Michael Murray is an Australian author and commentator on corporate and personal insolvency law and related issues, in Australia and internationally. He has a strong law and policy background, is independent of any connections, and his views are his own. He gives no legal advice. 

Bankrupt’s continued liability for costs

A court has refused parties’ request to retrospectively make an order for costs to avoid the consequences of a time limitation in bankruptcy.

An order by a court that a person pay costs is a provable debt in that person’s bankruptcy only if the order is made before the date of the bankruptcy, even if the amount of the costs to be paid is then yet to be quantified: Foots v Southern Cross Mine Management Pty Ltd [2007] HCA 56.
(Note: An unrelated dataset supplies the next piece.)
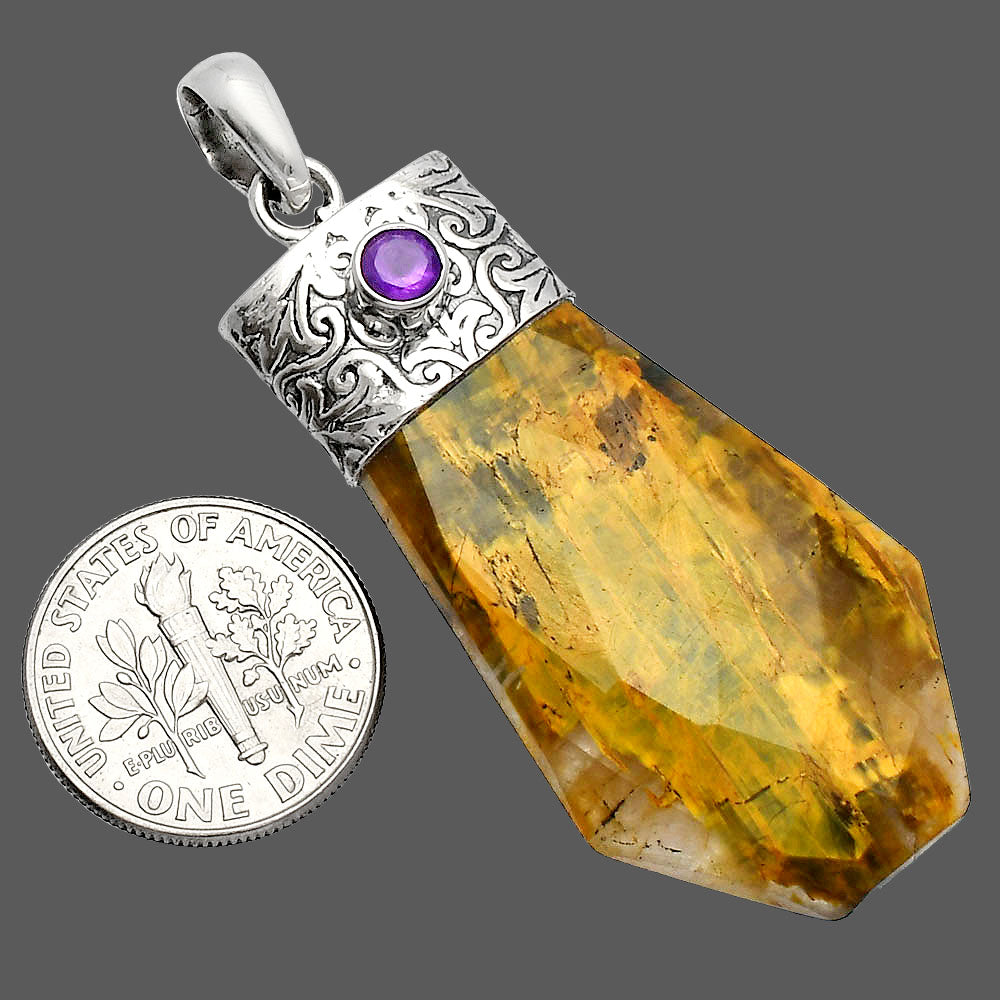 Natural Nellite & Amethyst Pendant P-1331 SDP147886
As in insolvency and in many areas of law, timing is crucial. If the timing is out, the debtor can remain liable for payment of the costs despite their bankruptcy.

A Court has rejected the petitioning creditor’s and bankrupt’s efforts to get around this by way of consent orders for costs.
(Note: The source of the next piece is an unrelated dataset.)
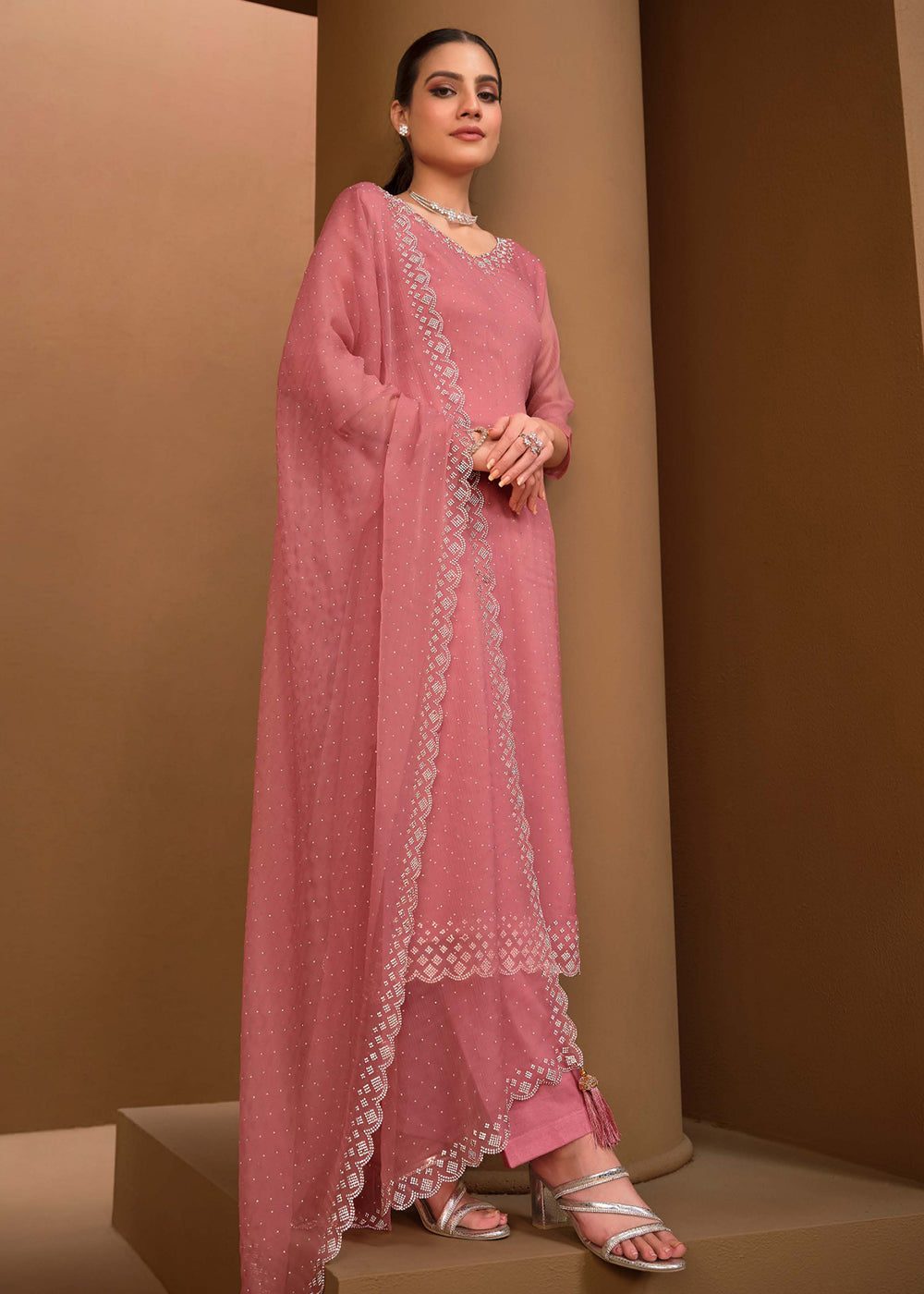 Buy Now Gorgeous Pink Swarovski Embellished Festive Salwar Suit Online in USA, UK, Canada, Germany, UAE & Worldwide at Empress Clothing.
The agreed deal proposed was that the court make a costs order in the petitioning creditor’s favour for its costs incurred prior to the making of the sequestration order in July 2019, retrospective to that date; and another order for costs in the petitioning creditor’s favour after the date of bankruptcy of and incidental to the petition.

The Court refused

The proposition that underpins the High Court’s decision in Foots is that there is no provable debt unless the relevant costs order is made before the sequestration order.

While a court has a wide discretion as to costs, it has no power to make an order which would effectively direct the trustee in bankruptcy to accept as a provable debt, a debt which is not otherwise provable in it. ACN 116 746 859 Pty Ltd (formerly Palermo Seafoods Pty Ltd ACN 116 746 859) v Menniti [2020] FCCA 24.

It was the trustee who alerted the court to the problem

As a matter of interest, while the lawyers for the petitioning creditor and the respondent appeared to be in agreement about the making of the order, it was the trustee in bankruptcy who, as the Judge said,

“brought to my attention some authorities which might be seen to suggest that such an order would be inappropriate”.